▸ Assignment
Line for line, return the data exactly, omitting all pictures.

### Records supplied ###

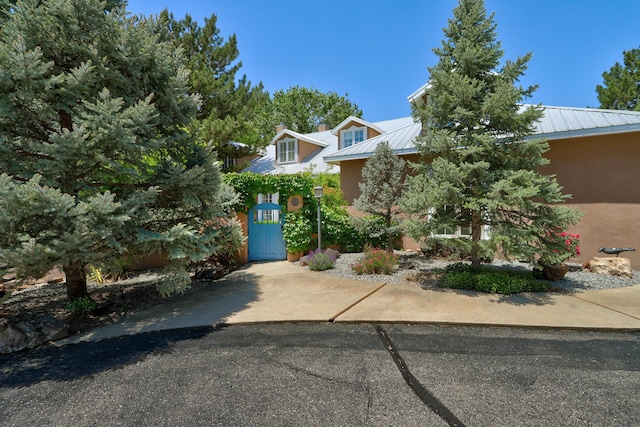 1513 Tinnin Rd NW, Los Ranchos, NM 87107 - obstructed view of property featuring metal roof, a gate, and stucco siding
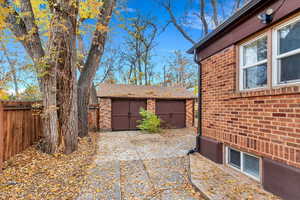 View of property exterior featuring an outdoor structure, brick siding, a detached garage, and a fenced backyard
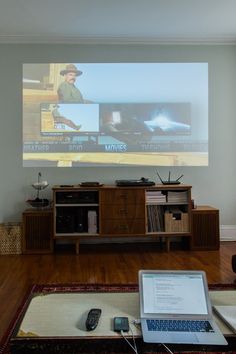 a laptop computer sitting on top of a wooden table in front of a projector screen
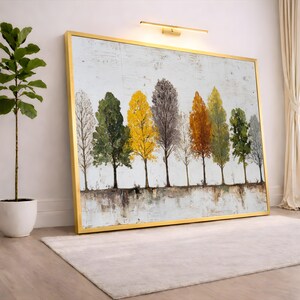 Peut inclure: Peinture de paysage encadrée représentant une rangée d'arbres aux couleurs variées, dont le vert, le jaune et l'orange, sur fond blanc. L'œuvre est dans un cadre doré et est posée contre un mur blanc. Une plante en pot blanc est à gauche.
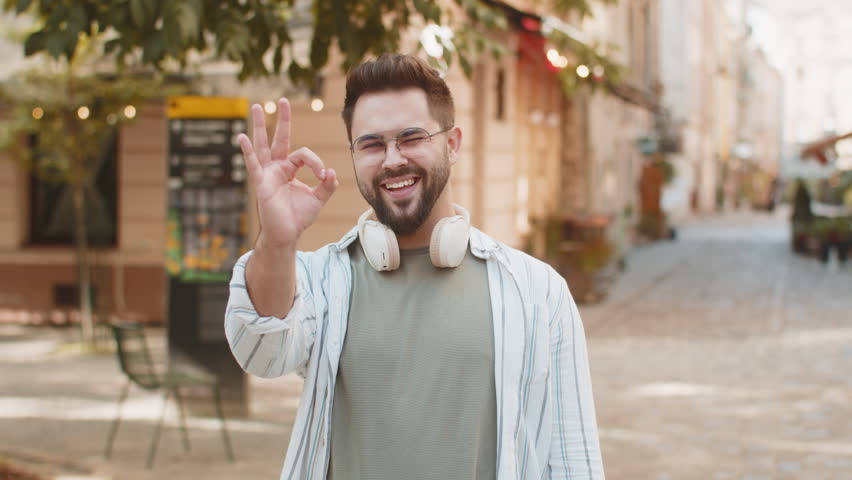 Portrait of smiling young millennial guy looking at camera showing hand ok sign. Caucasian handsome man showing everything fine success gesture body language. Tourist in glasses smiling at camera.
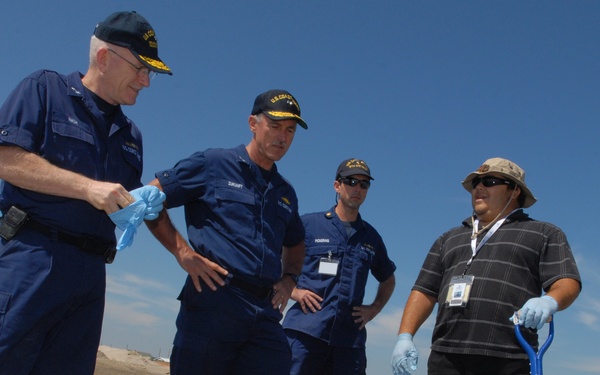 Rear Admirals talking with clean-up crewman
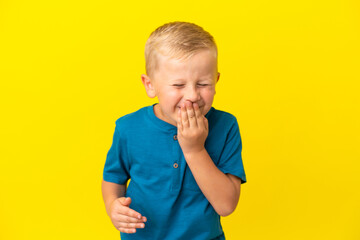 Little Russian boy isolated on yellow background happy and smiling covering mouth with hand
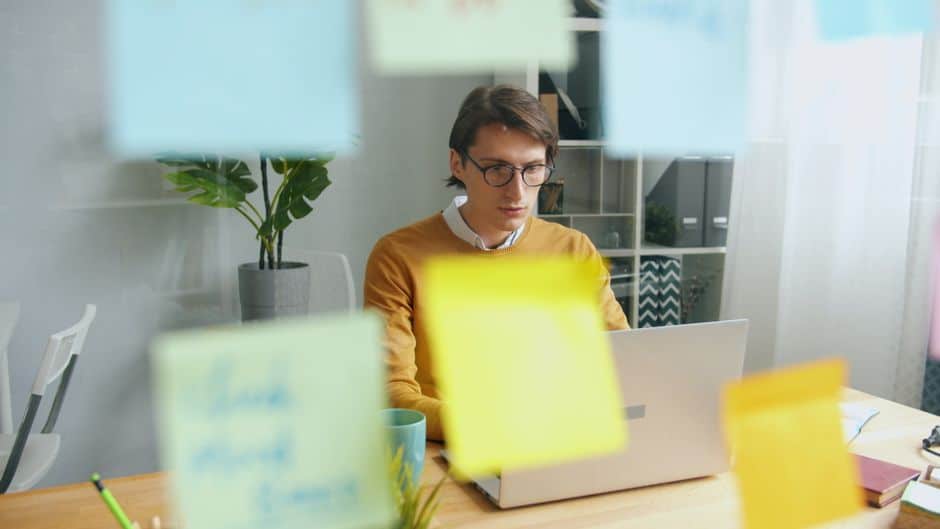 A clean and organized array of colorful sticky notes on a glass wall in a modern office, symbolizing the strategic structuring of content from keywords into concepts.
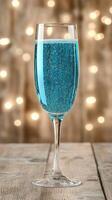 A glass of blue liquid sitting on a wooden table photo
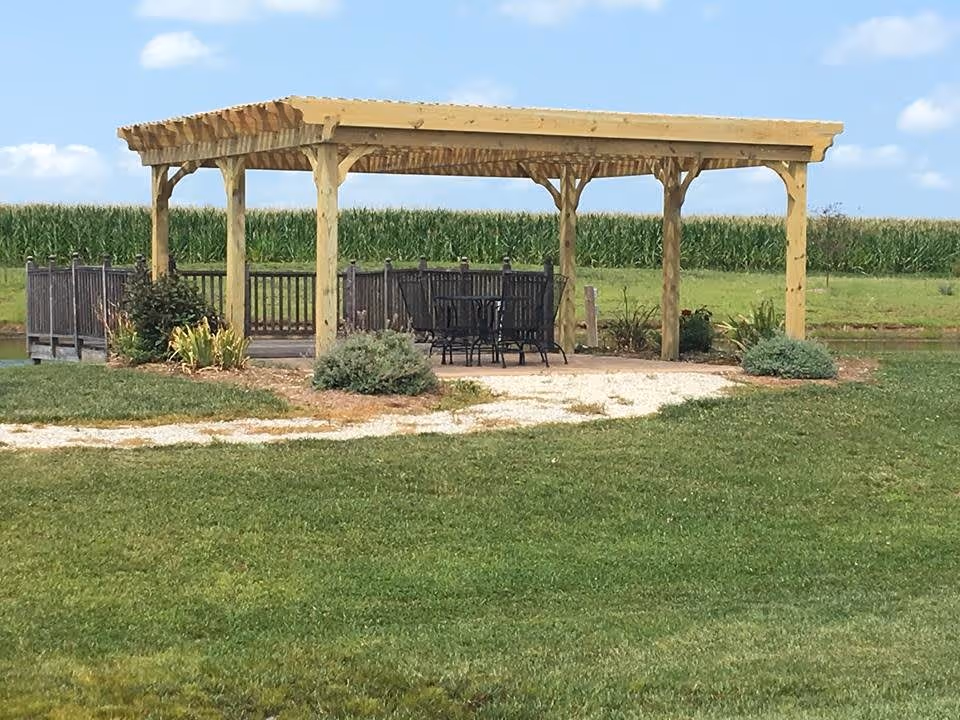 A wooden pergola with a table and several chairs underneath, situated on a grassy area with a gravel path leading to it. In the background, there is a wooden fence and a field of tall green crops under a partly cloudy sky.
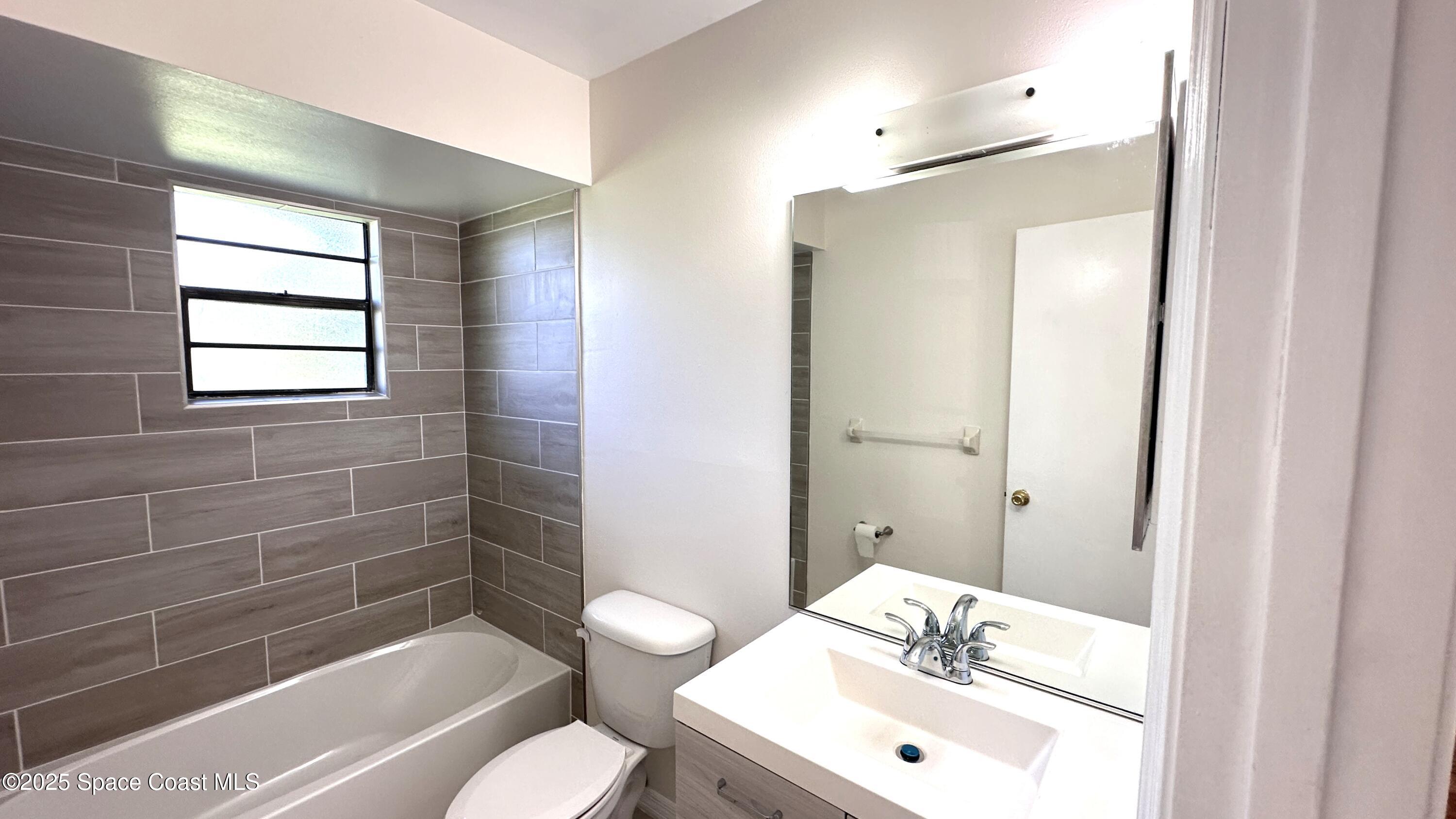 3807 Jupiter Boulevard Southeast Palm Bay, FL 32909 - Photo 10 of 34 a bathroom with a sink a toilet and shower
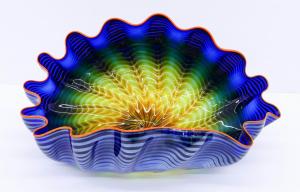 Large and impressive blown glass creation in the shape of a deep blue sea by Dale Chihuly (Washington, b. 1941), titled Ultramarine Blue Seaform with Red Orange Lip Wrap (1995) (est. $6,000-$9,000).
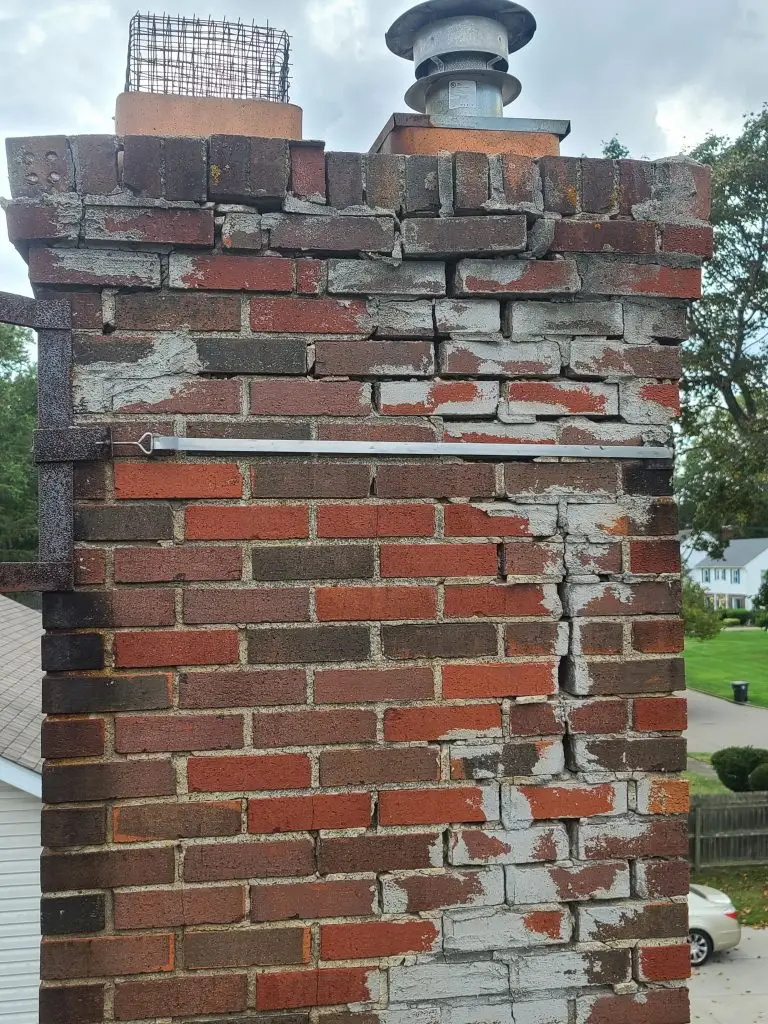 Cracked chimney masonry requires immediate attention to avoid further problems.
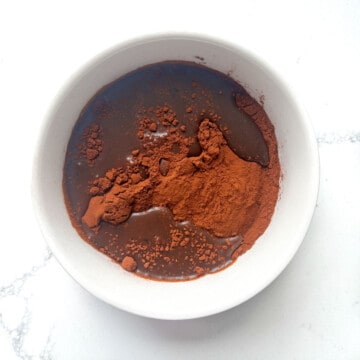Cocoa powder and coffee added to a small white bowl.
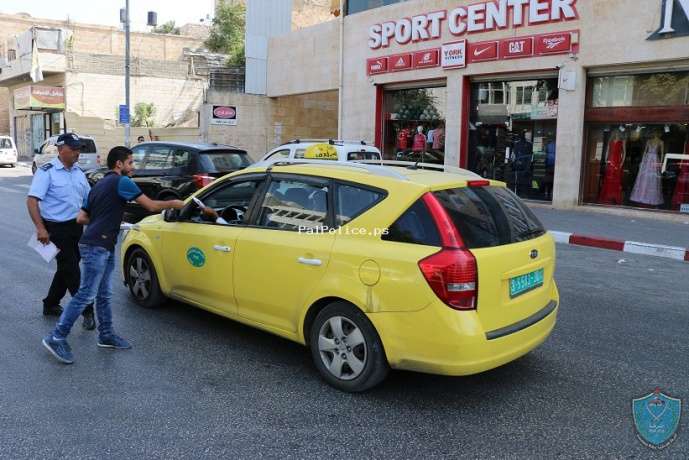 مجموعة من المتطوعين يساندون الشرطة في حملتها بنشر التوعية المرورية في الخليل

###

▸ Answer to the exercise
 1513 Tinnin Rd NW, Los Ranchos, NM 87107 - obstructed view of property featuring metal roof, a gate, and stucco siding
 View of property exterior featuring an outdoor structure, brick siding, a detached garage, and a fenced backyard
 a laptop computer sitting on top of a wooden table in front of a projector screen
 Peut inclure: Peinture de paysage encadrée représentant une rangée d'arbres aux couleurs variées, dont le vert, le jaune et l'orange, sur fond blanc. L'œuvre est dans un cadre doré et est posée contre un mur blanc. Une plante en pot blanc est à gauche.
 Portrait of smiling young millennial guy looking at camera showing hand ok sign. Caucasian handsome man showing everything fine success gesture body language. Tourist in glasses smiling at camera.
 Rear Admirals talking with clean-up crewman
 Little Russian boy isolated on yellow background happy and smiling covering mouth with hand
 A clean and organized array of colorful sticky notes on a glass wall in a modern office, symbolizing the strategic structuring of content from keywords into concepts.
 A glass of blue liquid sitting on a wooden table photo
 A wooden pergola with a table and several chairs underneath, situated on a grassy area with a gravel path leading to it. In the background, there is a wooden fence and a field of tall green crops under a partly cloudy sky.
 3807 Jupiter Boulevard Southeast Palm Bay, FL 32909 - Photo 10 of 34 a bathroom with a sink a toilet and shower
 Large and impressive blown glass creation in the shape of a deep blue sea by Dale Chihuly (Washington, b. 1941), titled Ultramarine Blue Seaform with Red Orange Lip Wrap (1995) (est. $6,000-$9,000).
 Cracked chimney masonry requires immediate attention to avoid further problems.
Cocoa powder and coffee added to a small white bowl.
 مجموعة من المتطوعين يساندون الشرطة في حملتها بنشر التوعية المرورية في الخليل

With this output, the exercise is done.